WHAT IS EXPECTED:
Please give back the listing below word for word, without the images.

Top of EXCERPTED DATA

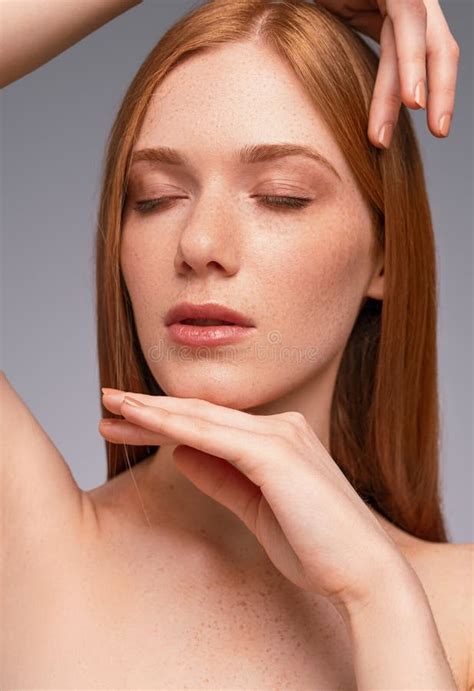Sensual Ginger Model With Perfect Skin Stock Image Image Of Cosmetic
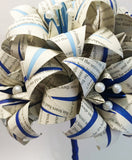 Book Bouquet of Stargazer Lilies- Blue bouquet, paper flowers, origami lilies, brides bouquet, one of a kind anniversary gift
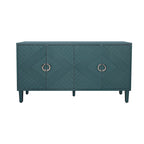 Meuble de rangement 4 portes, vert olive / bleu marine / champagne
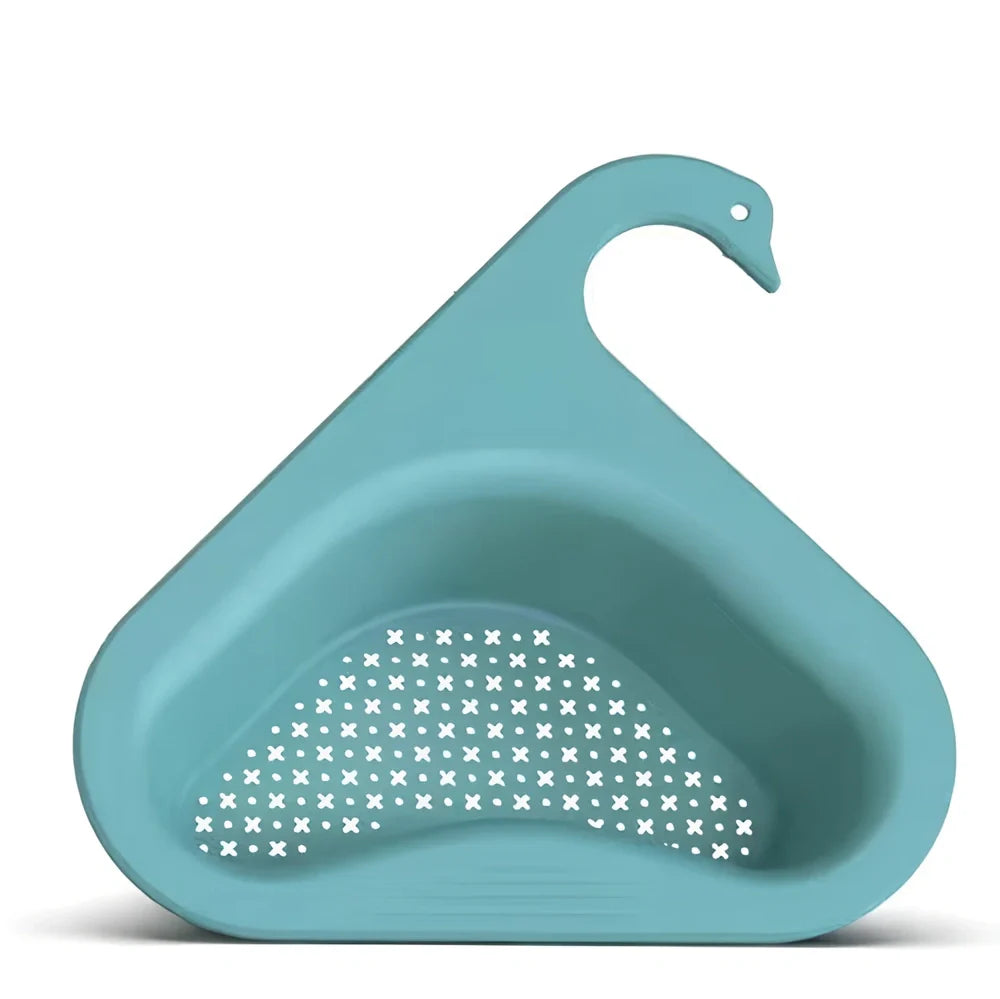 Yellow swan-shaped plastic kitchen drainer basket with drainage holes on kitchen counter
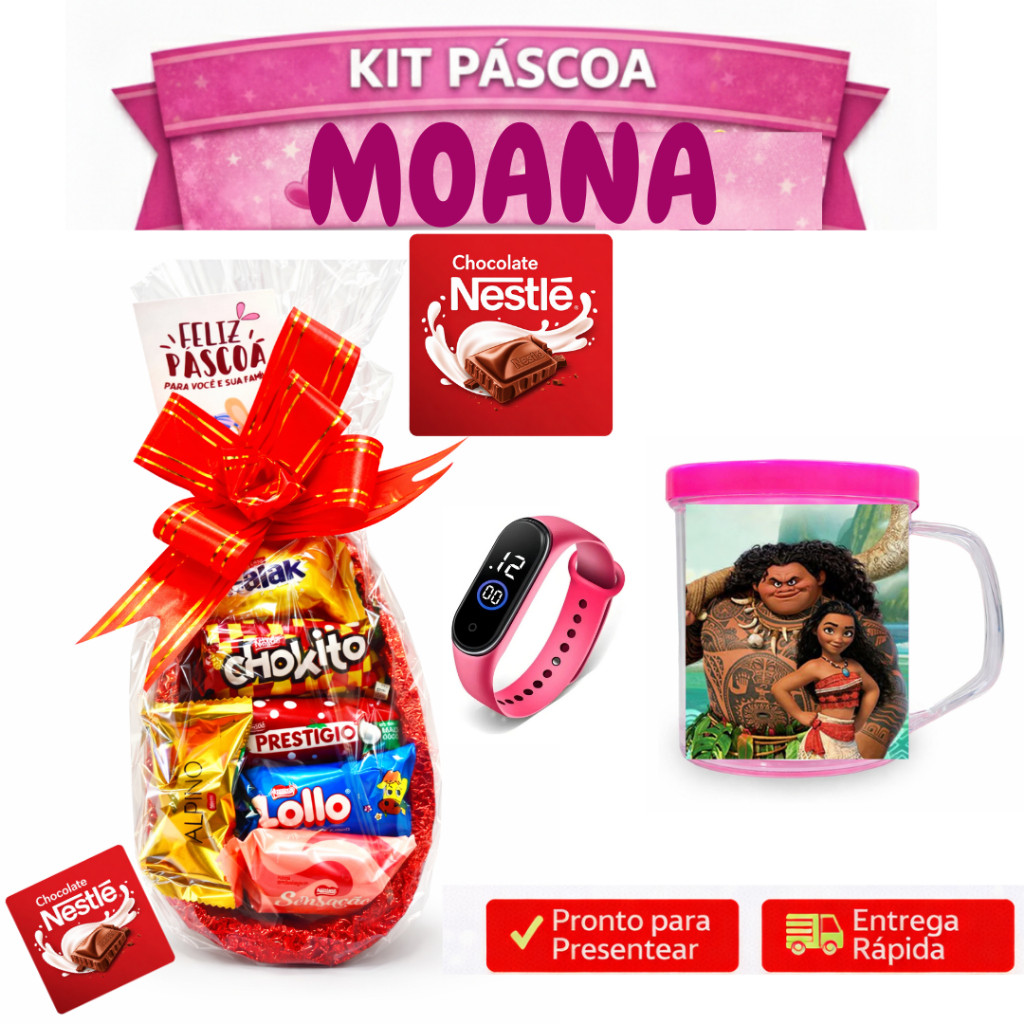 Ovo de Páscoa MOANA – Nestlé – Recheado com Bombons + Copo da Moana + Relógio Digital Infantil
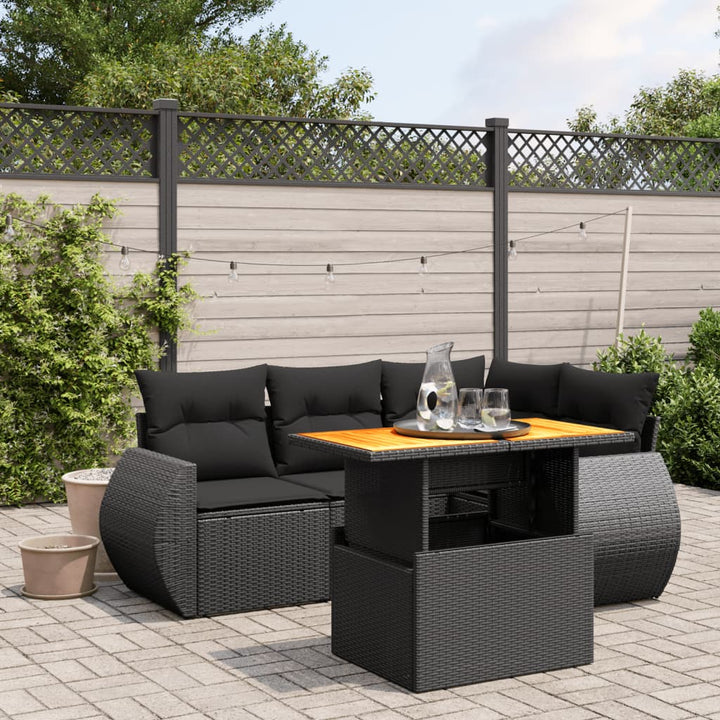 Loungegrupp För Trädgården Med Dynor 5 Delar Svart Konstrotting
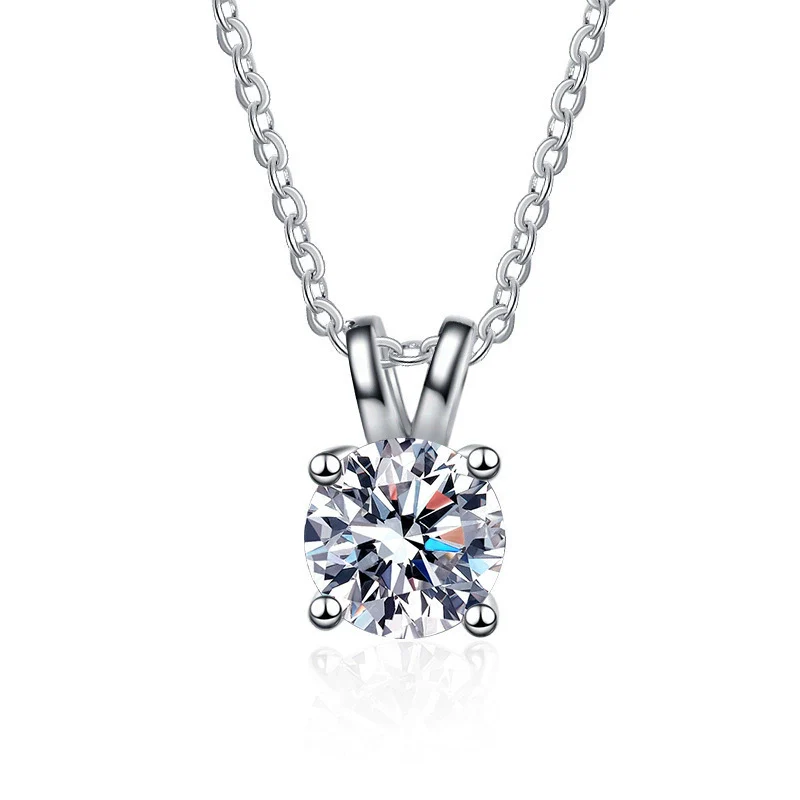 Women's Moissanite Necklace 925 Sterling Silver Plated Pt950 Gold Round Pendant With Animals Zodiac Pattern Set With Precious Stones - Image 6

Bottom of EXCERPTED DATA

WRITTEN RESPONSE:
Sensual Ginger Model With Perfect Skin Stock Image Image Of Cosmetic
 Book Bouquet of Stargazer Lilies- Blue bouquet, paper flowers, origami lilies, brides bouquet, one of a kind anniversary gift
 Meuble de rangement 4 portes, vert olive / bleu marine / champagne
 Yellow swan-shaped plastic kitchen drainer basket with drainage holes on kitchen counter
 Ovo de Páscoa MOANA – Nestlé – Recheado com Bombons + Copo da Moana + Relógio Digital Infantil
 Loungegrupp För Trädgården Med Dynor 5 Delar Svart Konstrotting
 Women's Moissanite Necklace 925 Sterling Silver Plated Pt950 Gold Round Pendant With Animals Zodiac Pattern Set With Precious Stones - Image 6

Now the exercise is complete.